O presente recurso (fls. 90/91 dos autos) vem interposto nos seguintes termos:
«(…) Para apreciação da inconstitucionalidade interpretativa das normas contidas
nos artigo 180.°, n.° 1, do Código Penal, e nos artigo 308°, e 437.°, n.°s 1 a
3, do Código de Processo Penal, na interpretação dada no douto acórdão recorrido
com adesão, com transcrição parcial, à decisão que se julgava na oposição de
julgados de que inexiste o necessário dolo específico nas atitudes, palavras e
juízos de valor do senhor advogado arguido nos autos do aresto recorrido porque
a conduta por si desenvolvida tem que se integrar na previsão do art.° 154.°, n°
3, do Código de Processo Civil, por ali se prever o uso de expressões e
imputações indispensáveis à defesa da causa, matéria diversa da plasmada no caso
julgado pelo acórdão fundamento, onde foi julgado esse dolo estar
consubstanciado.
Uma tal interpretação dessas normas legais viola capitalmente os imperativos dos
artigos 13°, artigo 20º, n.°s 1, 4 e 5 do artigo 26.°, n.° artigo 202.°, n.° 2,
e artigo 203.°, e artigo 204.°, todos da Constituição da República Portuguesa.

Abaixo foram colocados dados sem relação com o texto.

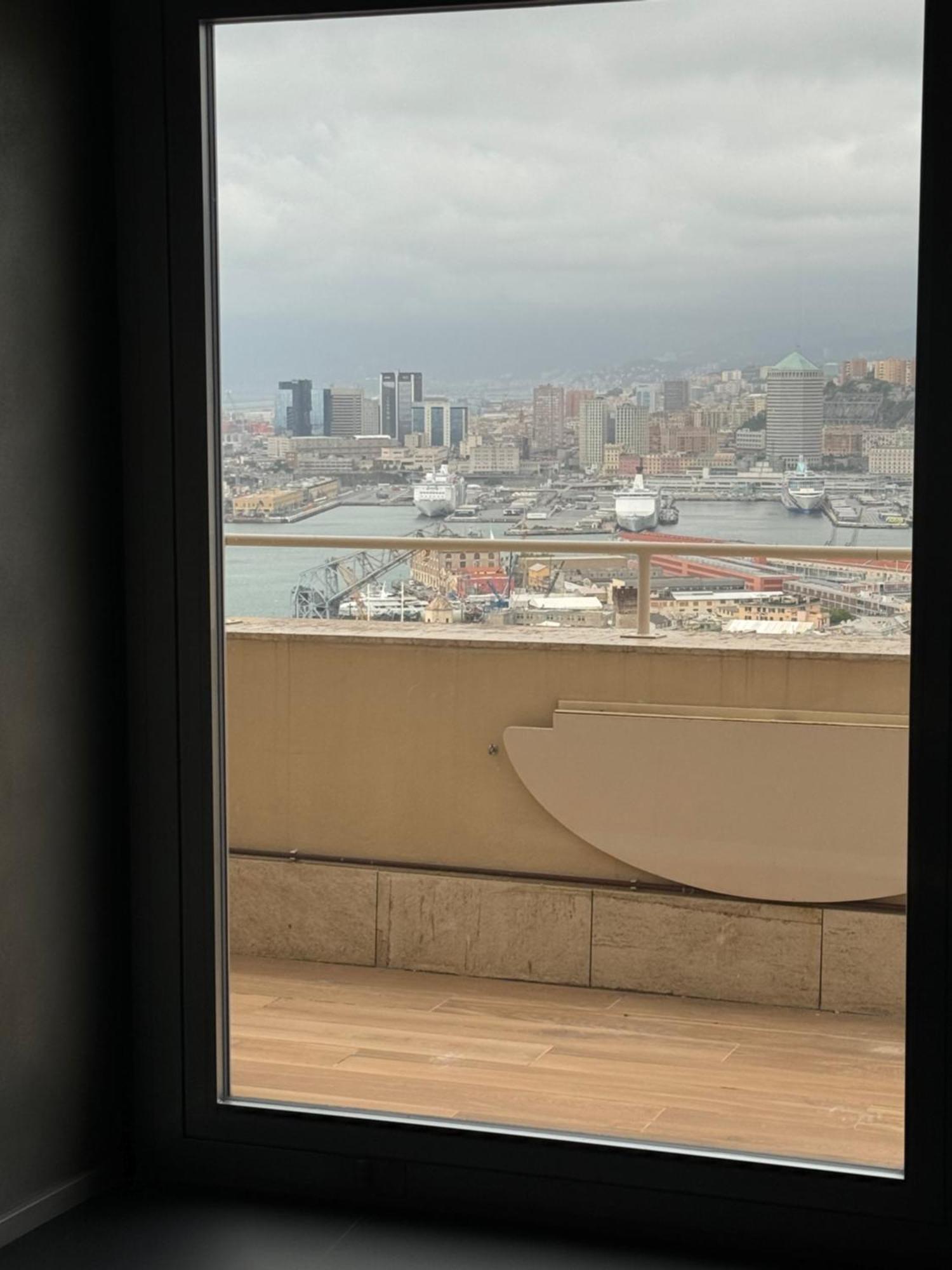 Terrazza Colombo - White And Gold * Genua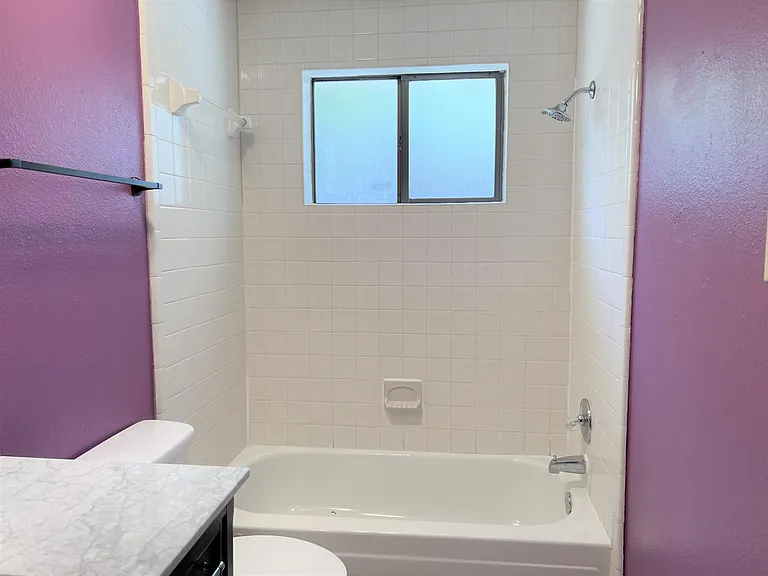 505 Valley Spring Dr — Photo 7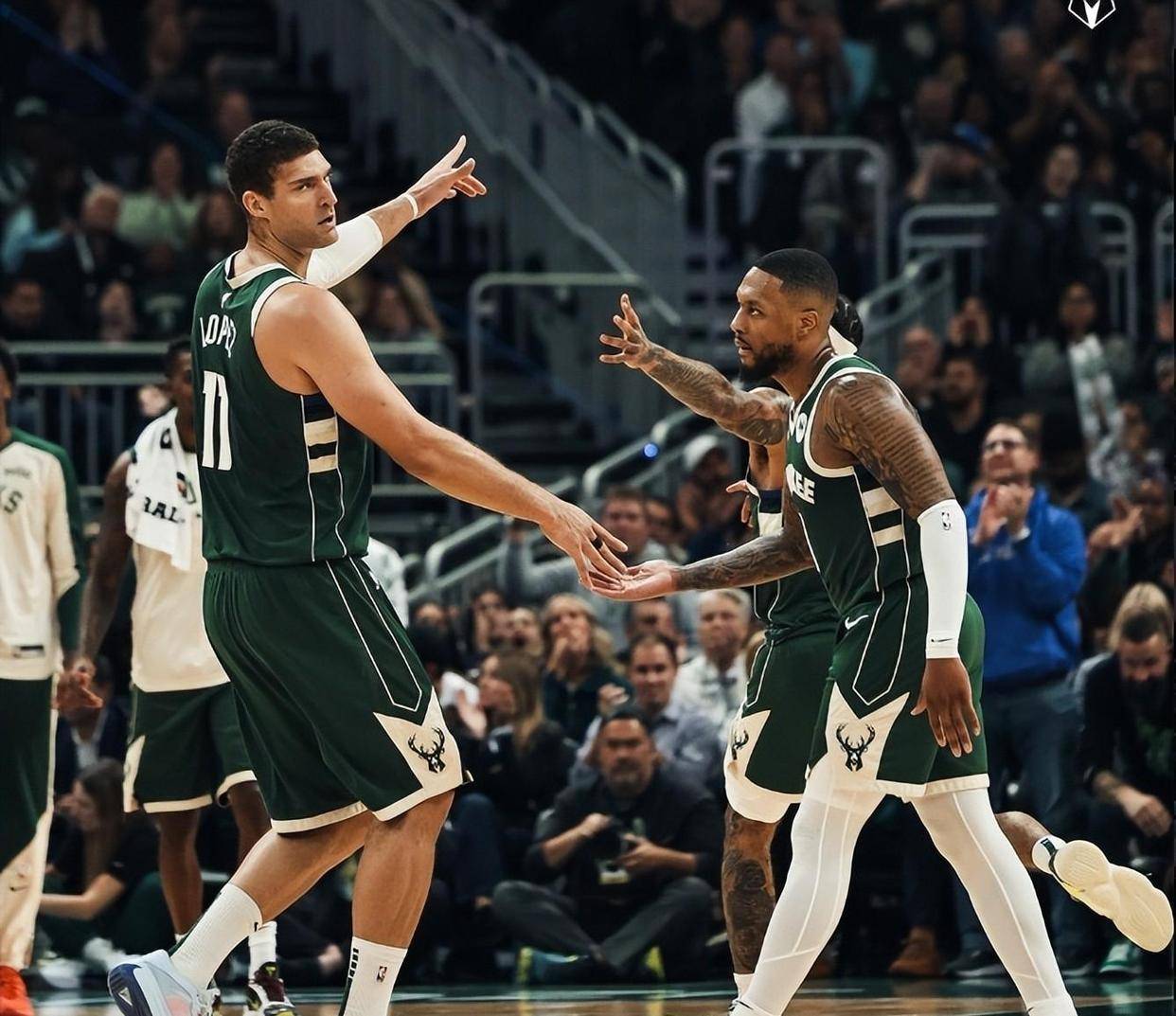 雄鹿击败马刺,字母哥表现全面领军 雄鹿击败马刺,字母哥表现全面领军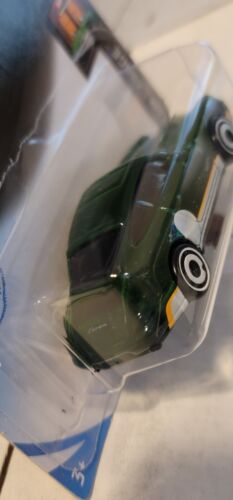 hot wheels 96 Porsche Carrera Green package damaged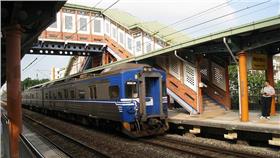 台鐵、火車
https://www.flickr.com/photos/chitsaou/3845376141/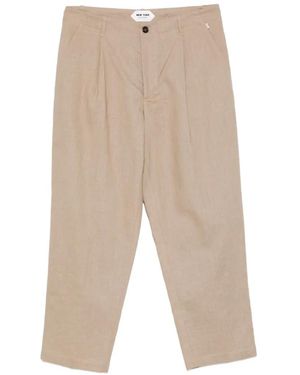 NEW YORK RESIDENT Andrew Pleated Trousers - White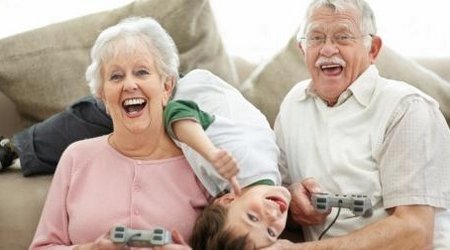 Взаимоотношения бабушек и дедушек с внуками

Esta questão de inconstitucionalidade interpretativa foi suscitada expressa e
cautelarmente nas conclusões 9ª a 11ª do recurso submetido ao Supremo Tribunal
de Justiça, a quo, no que concerne às duas primeiras normas, sendo que no que
respeito diz à terceira delas surge ela de um modo tão inusitado e imprevisto
que cabe dele recurso exactamente por isso, como tem sido reconhecido em alguma
da jurisprudência deste Tribunal Constitucional.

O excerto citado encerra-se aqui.